I think Pearl’s comments about technology are useful for reporters looking at the role technology will play in our health system moving forward.

“I believe very strongly it (technology) will be the solution,” Pearl told 600 AMGA members, most of them physicians. He urged them to embrace three technologies in particular:

  1. Video: Telehealth “eliminates distance and time,” Pearl said, and allows for faster diagnosis and treatment, better access to care and improved customer service.
  2. Predictive data analytics: These are software programs that use an algorithm to predict risk among patients (such as risk for sepsis, central line infections and future emergency department visits). Hospitals around the country are implementing predictive analytic software at a quick pace. They have the potential to make care more efficient and tailored to patients and improve outcomes, Pearl said.
  3. EHRs as a communication tool: Today, EHRs are primarily a repository of patient data that has yet to be sufficiently harnessed. Pearl predicted that EHRs would become a valuable tool for early diagnosis of disease and to engage in better preventative care. The data in an EHR that is wide-reaching because it includes demographics, geography, community, family history and ethnicity. If providers use this data wisely, they can calculate the risk of certain diseases, and run tests on patients who are high-risk to improve early detection, Pearl said.

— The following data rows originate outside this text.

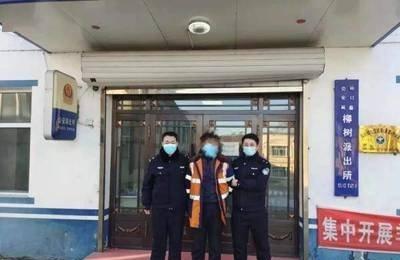 街头诈术："实习生"卖笔刷业绩小张从外地到京，刚下火车遇2名公司实习"学生"搭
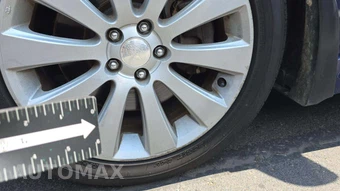 2011 Subaru Legacy 3.6R Limited w/Power Moonroof & Navigation - miniatura 40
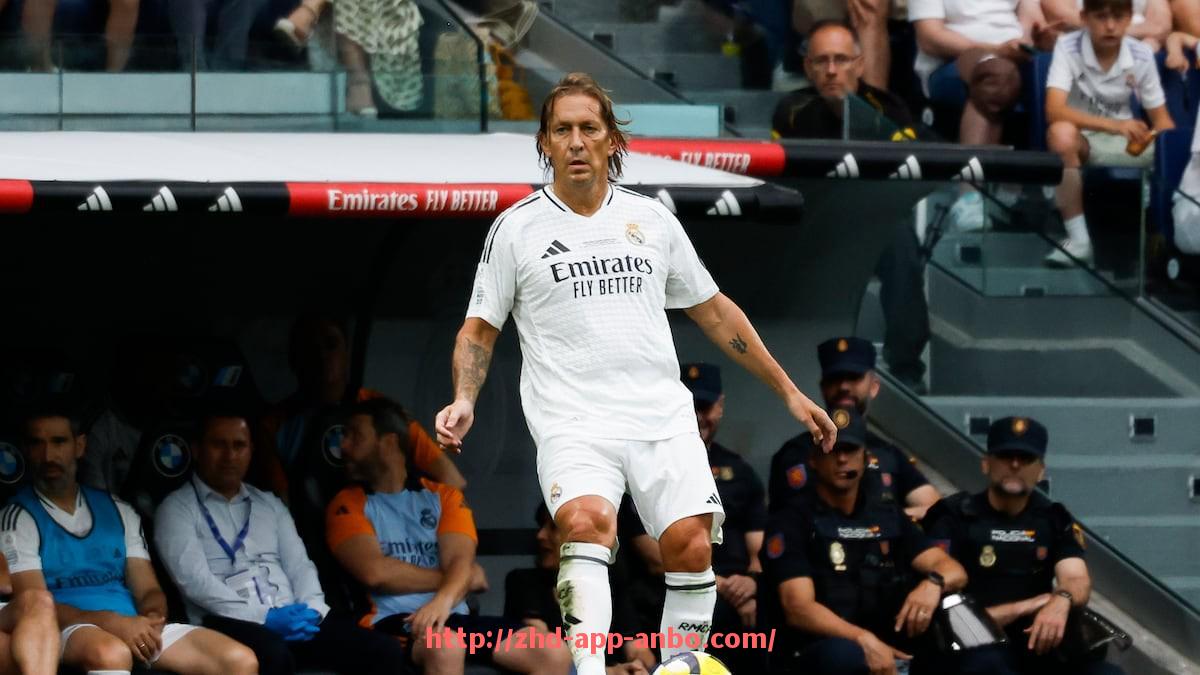 安博体育app下载-世俱杯对区域经济发展的带动作用与典型案例分析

“The question we should ask about technology to evaluate its use is “what problem is it trying to solve?” Pearl said. That’s a good guideline for journalists as well. Here are some questions to ask in your reporting:

  • How big is the problem in the first place?
  • What problem is this technology trying to solve?
  • How will it solve it?

One hot tech sector that Pearl predicted would fizzle is wearables. He argued that wearables offer no tangible solution to health care’s problems today. He called wearables “the inline skates of 25 years ago.”

“Wearables solve a very important problem,” Pearl joked. “It’s called Christmas and Hanukkah.”